Architecture
A layered system with strict dependency direction, multiple message entry points, and a 6-step runtime pipeline at its core.
System Architecture
NarraNexus is organized into seven layers. Upper layers call downward; lower layers never reference upper layers. This keeps each layer replaceable without cascading changes.
backend/routes/
HTTP and WebSocket endpoints. Request validation, response serialization. No business logic lives here.
agent_runtime/
The AgentRuntime sequences every interaction through a 6-step pipeline. This is the brain of the system.
*_service.py
Stable public interfaces for Narrative selection and Module management. Bridge pattern delegates to private implementations.
_*_impl/
Concrete business logic behind each service. Underscore-prefixed packages, never imported directly.
services/
Long-running polling processes: JobTrigger (scheduled tasks), MessageBusTrigger (agent messaging), ModulePoller (instance state).
repository/
Generic BaseRepository with typed CRUD operations. Handles pagination, batch queries, and N+1 prevention.
schema/, utils/
Pydantic models and a singleton AsyncDatabaseClient. Supports both SQLite (local) and MySQL (production).
The Orchestration layer (AgentRuntime) is the only layer that touches both services and the API boundary. Everything below it is reusable across different entry points — the same pipeline runs whether a message comes from a WebSocket, a scheduled job, or another agent.
How Messages Enter the System
The runtime pipeline always runs the same steps regardless of where the message came from. What changes is the trigger — the mechanism that initiates the run. Each trigger attaches a WorkingSource tag so the agent can adapt its behavior to different message sources.
CHAT
WebSocket connection from the frontend. User sends a message, the pipeline runs, tokens stream back in real time. This is the default path.
JOB
The JobTrigger polls the database for due tasks (recurring reminders, monitoring jobs, one-off tasks). When a job fires, the pipeline runs autonomously and delivers results to the user’s inbox.
MESSAGE_BUS
The MessageBusTrigger polls for unread messages in agent channels. When an agent is @mentioned or receives a DM, the pipeline runs with the message as input.
MATRIX
External messaging platforms (Matrix is implemented; Telegram and Lark are planned). Messages arrive via platform-specific triggers and are normalized into the standard pipeline input.
A core design principle: for N agents, never create N listeners. Background triggers (JobTrigger, MessageBusTrigger) use a single shared poller that routes work to the correct agent. This keeps resource usage constant regardless of how many agents are deployed.
Runtime Pipeline
Every message — regardless of source — flows through this pipeline. Implementation files live in agent_runtime/_agent_runtime_steps/. The pipeline has three phases.
Load agent state, find the right storyline, decide which modules are needed, and gather all context. The user sees progress indicators during this phase.
Load agent config, create the Event record, start or resume a Session, load the agent’s Awareness profile. If EverMemOS is enabled, episode search is launched in parallel here — it runs concurrently with the next steps and is awaited just before execution.
Determine which storyline this message belongs to. An LLM continuity check compares the query against the current Narrative. If the topic changed, vector search finds a matching existing Narrative or creates a new one.
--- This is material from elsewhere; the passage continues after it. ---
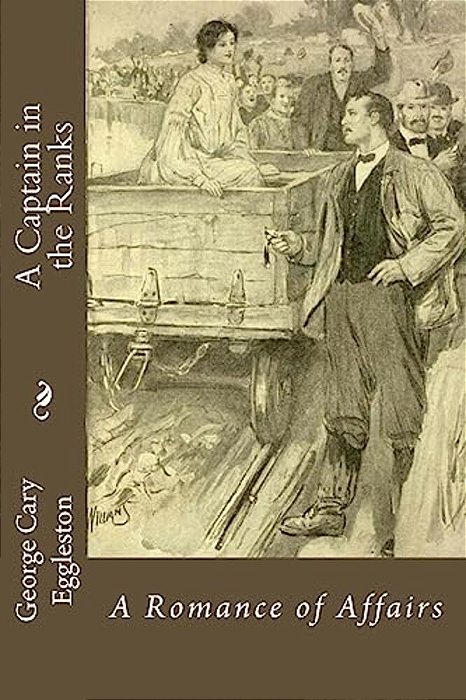A Captain In The Ranks: A Romance Of Affairs-..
Read the conversation’s markdown history file. Parse previous interactions and instance state to inform module decisions in the next step.
An LLM decision determines which module instances should be active for this interaction (add, keep, or remove). Module objects are instantiated and MCP servers started. The execution path is chosen: Agent Loop (99% — full LLM reasoning) or Direct Trigger (1% — skip LLM, call a tool directly).
Establish instance-to-Narrative links in the database. Create new records for added instances, archive completed ones. If a JobModule instance was created, the corresponding Job record is initialized.
The agent thinks and responds. This is where the user sees tokens streaming in real time.
The ContextRuntime assembles the full context: module instructions, conversation history (dual-track memory), EverMemOS episodes (if available), social network data, awareness profile, and MCP tool URLs. This context is passed to the LLM as a system prompt + message history.
The agent runs in a loop — it can reason, call tools via MCP, observe results, and continue reasoning until it produces a final response. Each token is streamed to the user in real time via WebSocket.
For the rare Direct Trigger path (1%), the LLM is skipped entirely — the system calls the target MCP tool directly and returns the result.
Save everything that happened, then run module hooks in the background. The user has already seen the response — this phase is mostly invisible.
Record the execution trajectory, update the Event with the final output, refresh the Narrative summary and embedding (LLM call for the main Narrative), update the Session, and log token costs. This step blocks briefly because the Event data is needed by hooks.
Dispatched to a background task — the user’s connection closes immediately. Each active module’s hook_after_event_execution runs in parallel: ChatModule saves messages, SocialNetworkModule extracts entity info (1–3 LLM calls), JobModule evaluates completion conditions, MemoryModule writes to EverMemOS. Callback results trigger any dependent instances.